Exercise instructions:
Using the data below, return word for word every line from the one holding "Bathroom in 12 Months Mini Hotel" down to the one holding "890 W beutellos". Leave pictures out.

Data excerpts:
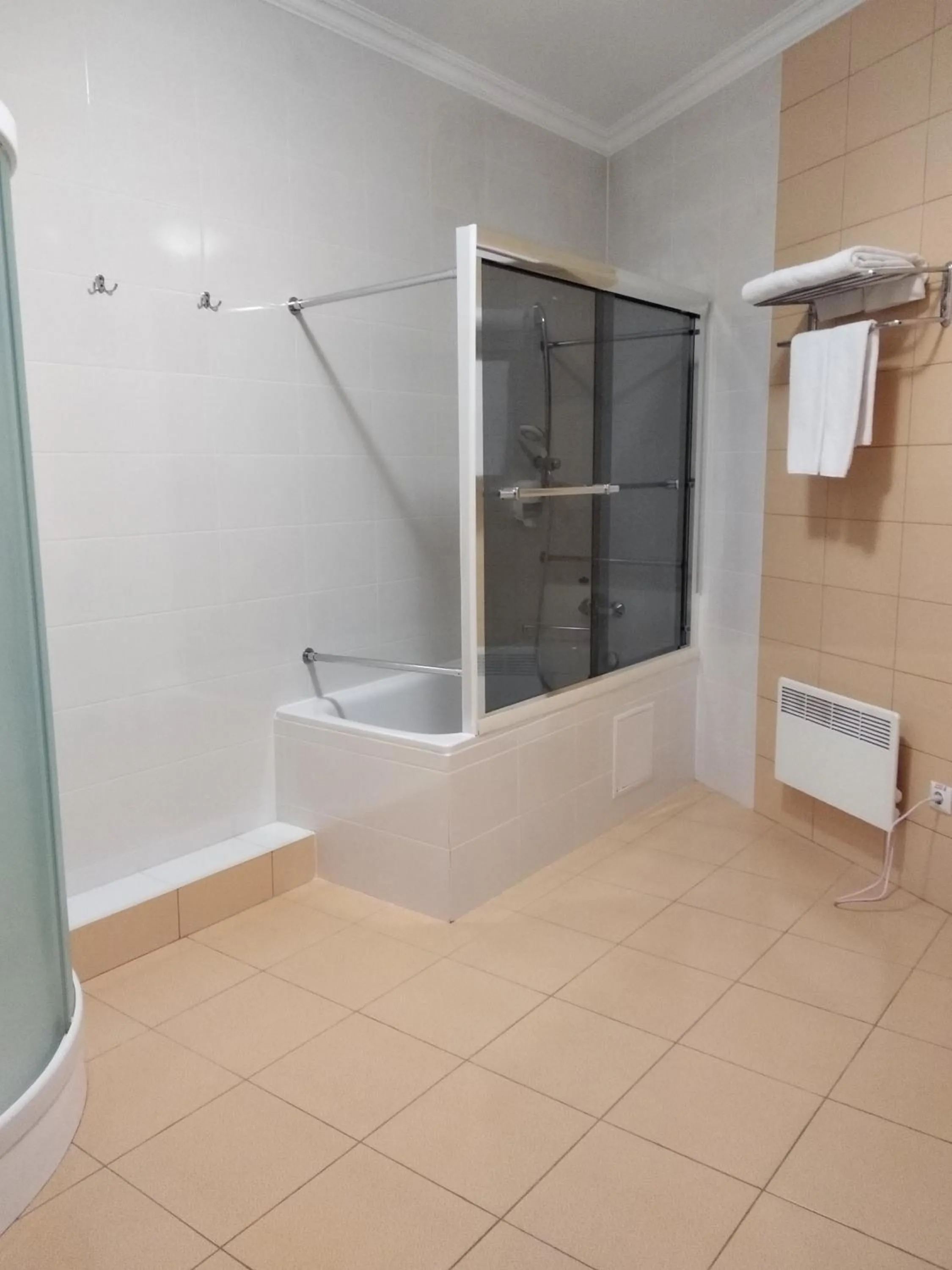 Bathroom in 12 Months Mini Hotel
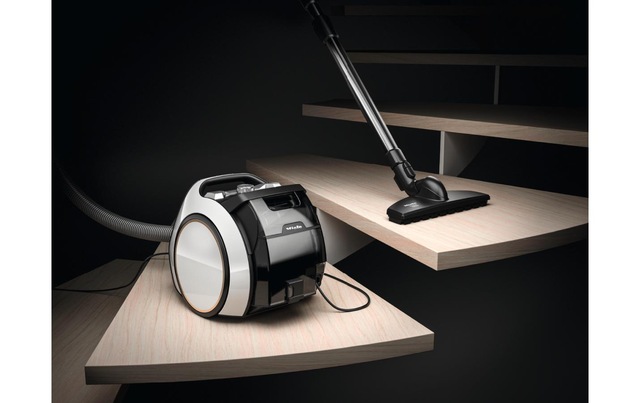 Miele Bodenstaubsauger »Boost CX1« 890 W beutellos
==
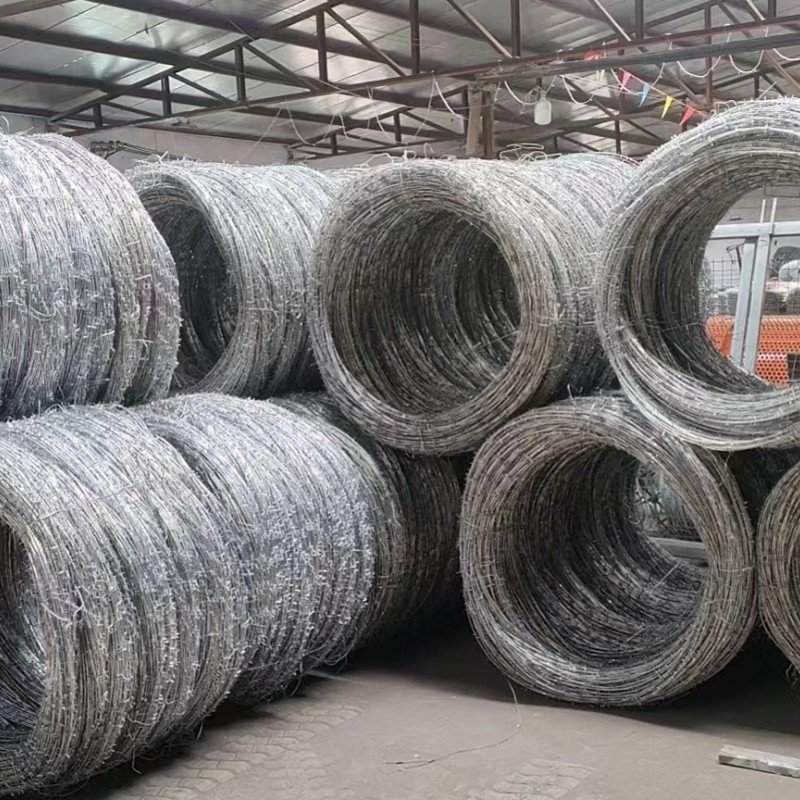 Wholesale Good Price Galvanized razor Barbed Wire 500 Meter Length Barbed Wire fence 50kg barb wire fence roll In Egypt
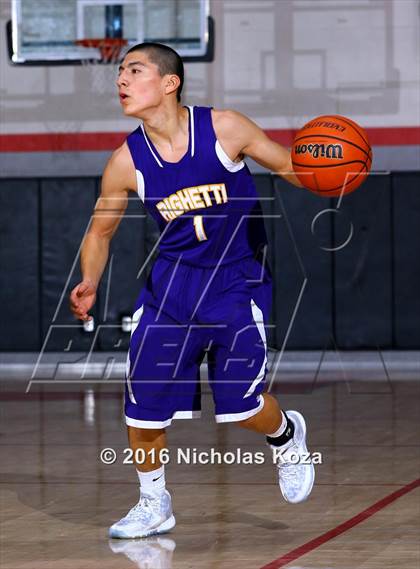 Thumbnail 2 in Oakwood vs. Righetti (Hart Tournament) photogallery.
---
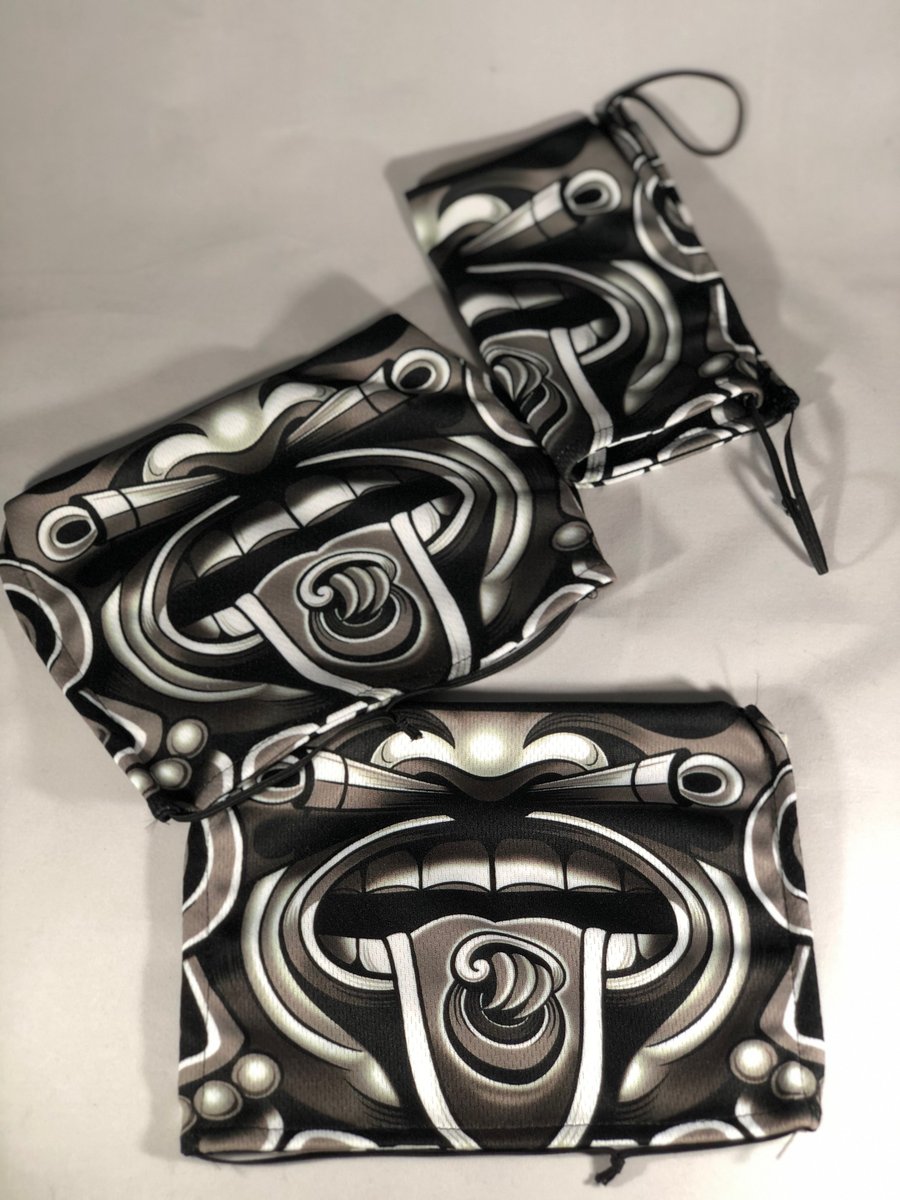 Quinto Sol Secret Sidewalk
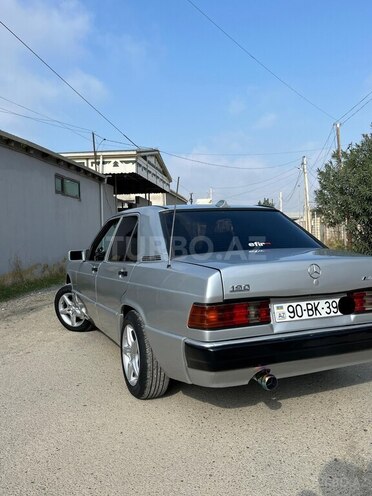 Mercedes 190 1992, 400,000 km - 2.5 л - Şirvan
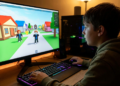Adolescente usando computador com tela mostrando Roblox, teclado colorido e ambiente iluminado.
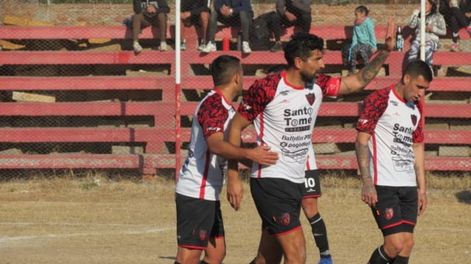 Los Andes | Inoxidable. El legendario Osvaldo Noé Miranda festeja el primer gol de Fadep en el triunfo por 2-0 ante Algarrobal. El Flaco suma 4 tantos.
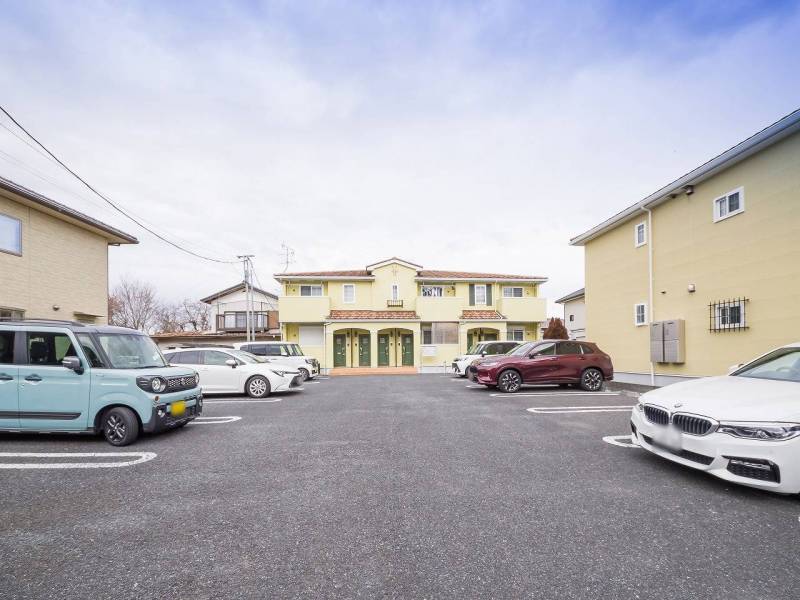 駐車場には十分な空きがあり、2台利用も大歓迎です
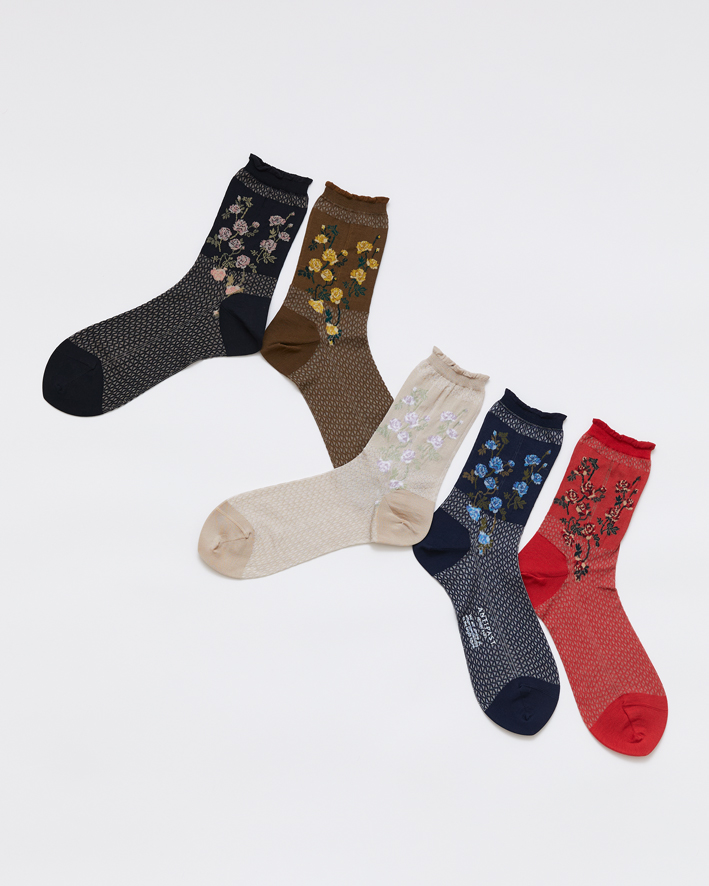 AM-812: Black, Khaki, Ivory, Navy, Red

Completed exercise:
 Bathroom in 12 Months Mini Hotel
 Miele Bodenstaubsauger »Boost CX1« 890 W beutellos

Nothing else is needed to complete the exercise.